Martes, 12 de febrero de 2008

Cuando volví a casa esa tarde, no estaba del todo oscuro. Por las mañanas también era cada vez más de día y las bombillas se abrían paso a través de cualquier pedazo de suelo libre que hubiera en la sombría ciudad de Londres.

Me di el gusto de satisfacer mi fijación por las rutas alternativas de vuelta a casa, disfrutando de la semioscuridad, pensando qué iba a cocinar para cenar.

Cuando llegué a Talbot Street, el cielo se estaba oscureciendo y empezaba a hacer más frío. Caminé por el callejón trasero, mientras observaba la parte de atrás de la casa, concretamente mi piso, el balcón y las cortinas. Miré hacia la cancela, que estaba colgando de las bisagras, y hacia la densa hierba que había detrás.

Las cortinas estaban exactamente como las había dejado. Observé fijamente el espacio negro de mi ventana, intentando ver la habitación que había más allá.

Todo parecía estar perfecto, exactamente como lo había dejado.

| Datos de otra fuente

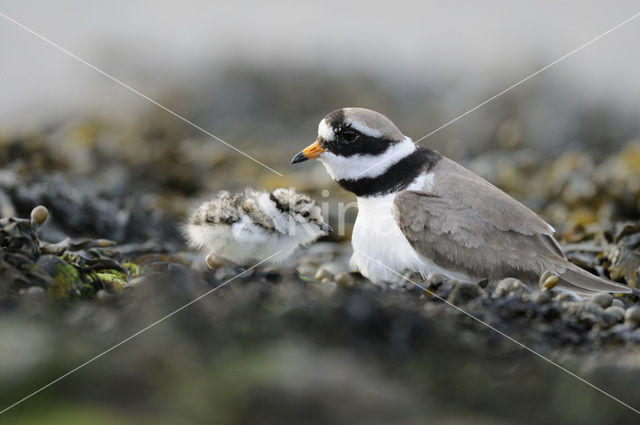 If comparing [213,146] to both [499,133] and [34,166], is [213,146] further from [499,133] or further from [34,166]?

Fui hasta el final del callejón y doblé la esquina para volver a la calle. Cuando iba a salir de la penumbra, una figura pasó a mi lado, caminando por el otro lado de la calle, alejándose de la casa. Algo en su complexión me hizo detenerme y ocultarme entre las sombras.

Era Lee.

Al igual que lo era siempre, cada vez que veía un hombre corpulento andando con paso decidido, con el pelo rubio y los hombros anchos. Contuve el aliento y me obligué a mirar, justo cuando el hombre doblaba la esquina al final de la calle y cruzaba para llegar a High Street. No fue suficiente tiempo como para estar segura. «No es él», me dije a mí misma. «Solo es tu mente jugándote de nuevo una mala pasada. No es él, nunca lo es. Solo es tu imaginación».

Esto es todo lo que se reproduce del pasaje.